▼

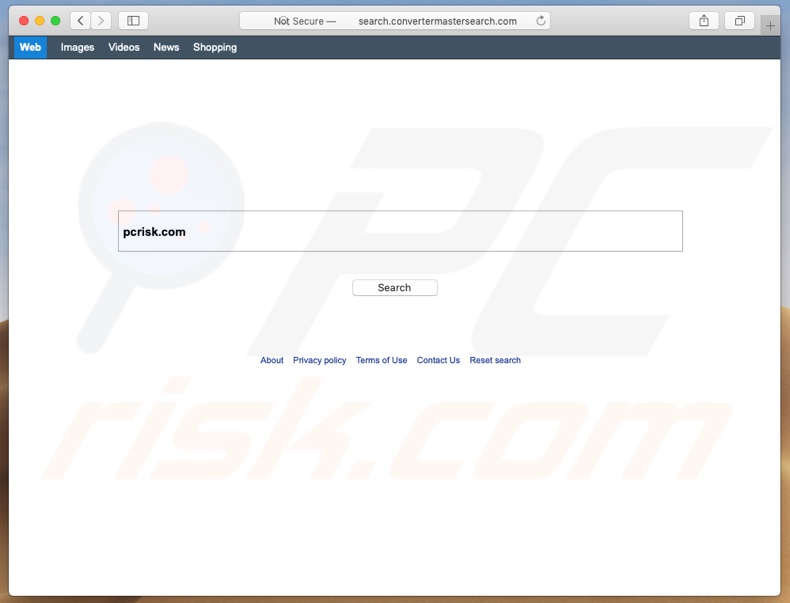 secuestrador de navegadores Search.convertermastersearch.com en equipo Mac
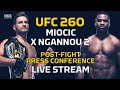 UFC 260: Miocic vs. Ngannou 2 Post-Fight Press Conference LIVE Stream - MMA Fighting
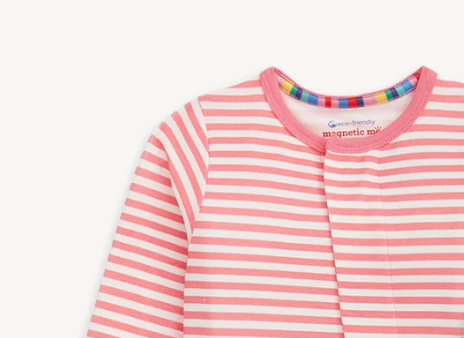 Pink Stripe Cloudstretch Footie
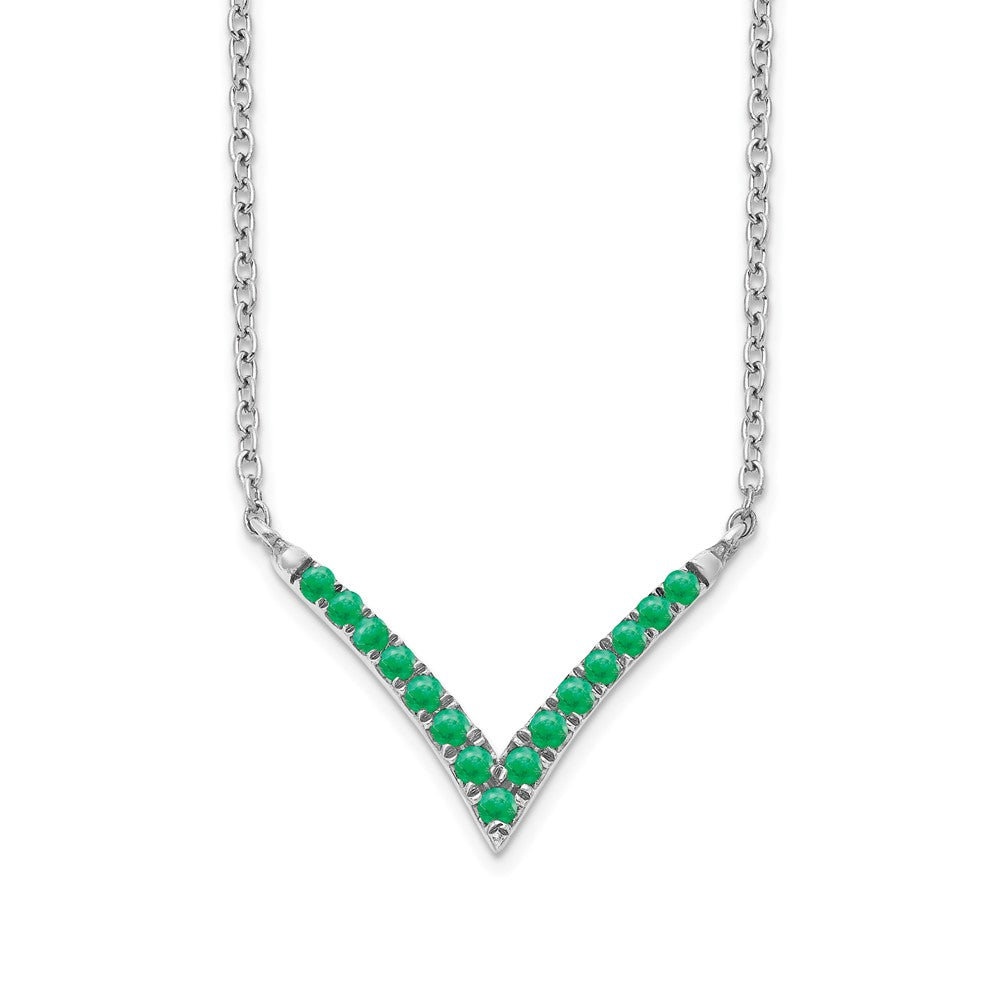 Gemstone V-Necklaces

▲
▼

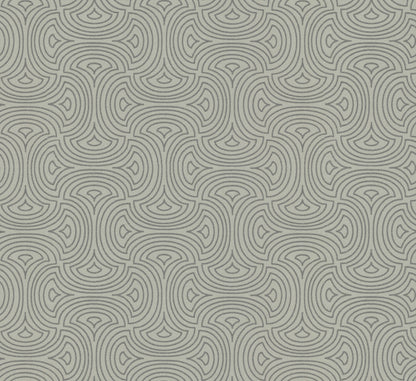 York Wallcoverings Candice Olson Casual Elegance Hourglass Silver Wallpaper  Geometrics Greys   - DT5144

▲

## PROBLEM TO WORK ON
Nothing but the lines above from the line with "secuestrador de navegadores" up to and including the line with "Gemstone V-Necklaces" should be returned, exactly as written and without pictures.

## SOLUTION TO THIS EXERCISE
 secuestrador de navegadores Search.convertermastersearch.com en equipo Mac
 UFC 260: Miocic vs. Ngannou 2 Post-Fight Press Conference LIVE Stream - MMA Fighting
 Pink Stripe Cloudstretch Footie
 Gemstone V-Necklaces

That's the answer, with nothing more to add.